Tayeba Begum Lipi is known for her unusual choice of material – stainless steel razor blades, brass safety pins – in dealing with the subject of female marginality and the female body. She however extends the use of razor blades, and mirror polished stainless steel plates, to explore the notions of nationality and borders as well. This gallery includes four maps created by her using these materials. The mirror polished plates make the viewers participants in her work, by reflecting their images on their surface.

PART III: Chhotoder Border (The Border from the perspective of children)

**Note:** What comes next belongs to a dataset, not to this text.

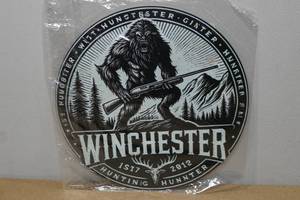 lot 99 image: Novelty Metal Sign -Winchester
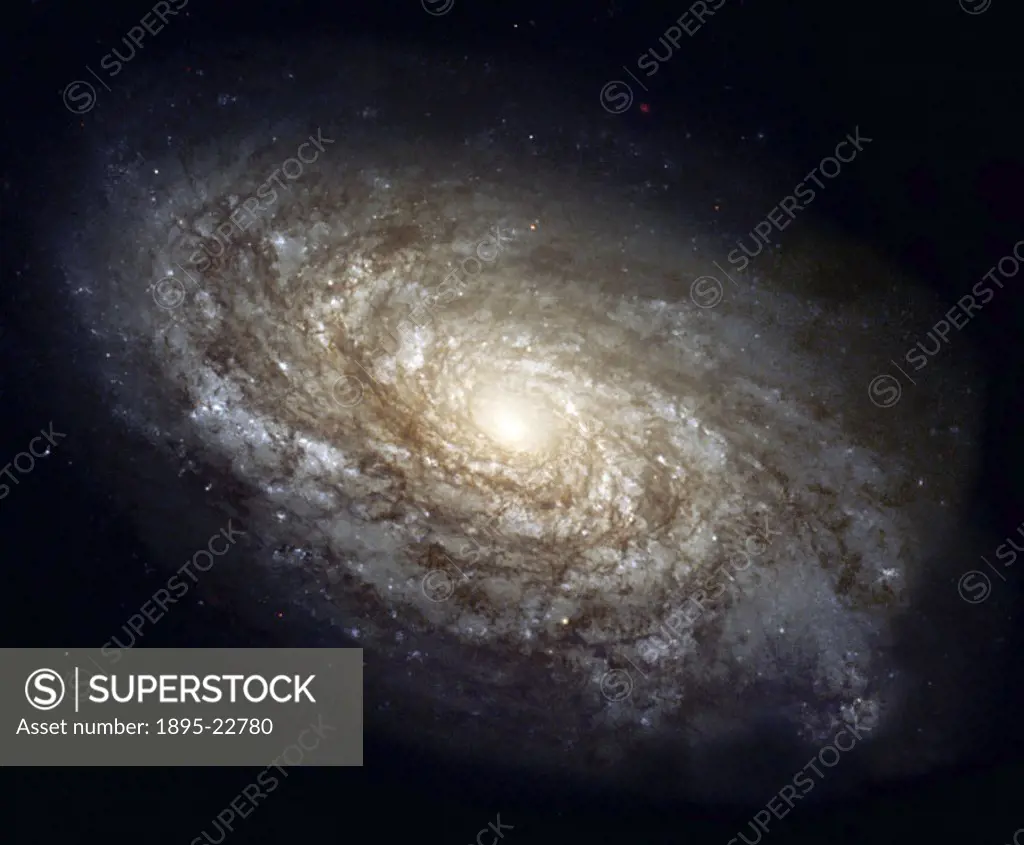 In 1995, the majestic spiral galaxy NGC 4414 was imaged by the Hubble Space Telescope. In 1999, the Hubble Heritage Team revisited NGC 4414 and comple...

This section – comprising of drawings – is a take on the Bengal border by children from grades V to XII, studying in a school in a border district of West Bengal. They were asked to write and draw about their daily experience of the border in class; the resultant assignments were collated by their teacher Manjira Saha, in a book titled Chhotoder Border, published by Gangchil in 2019. This was the author’s fourth book pertaining to the Bengal border and partition. It is a refreshing take on what it means to be divided by barbed wires, and yet, lead lives where there are constant exchanges – both social and economic – across it.

We have tried to showcase a broad spectrum of artistic response to the Bengal Partition and its aftermath, and hope that it will resonate with the viewers of V-KPM. Finally, we would like to thank Gallery Akar Prakar, Gallery Espace, Mr Mainul Abedin and Mr. Pradeep Dasgupta for their generous support.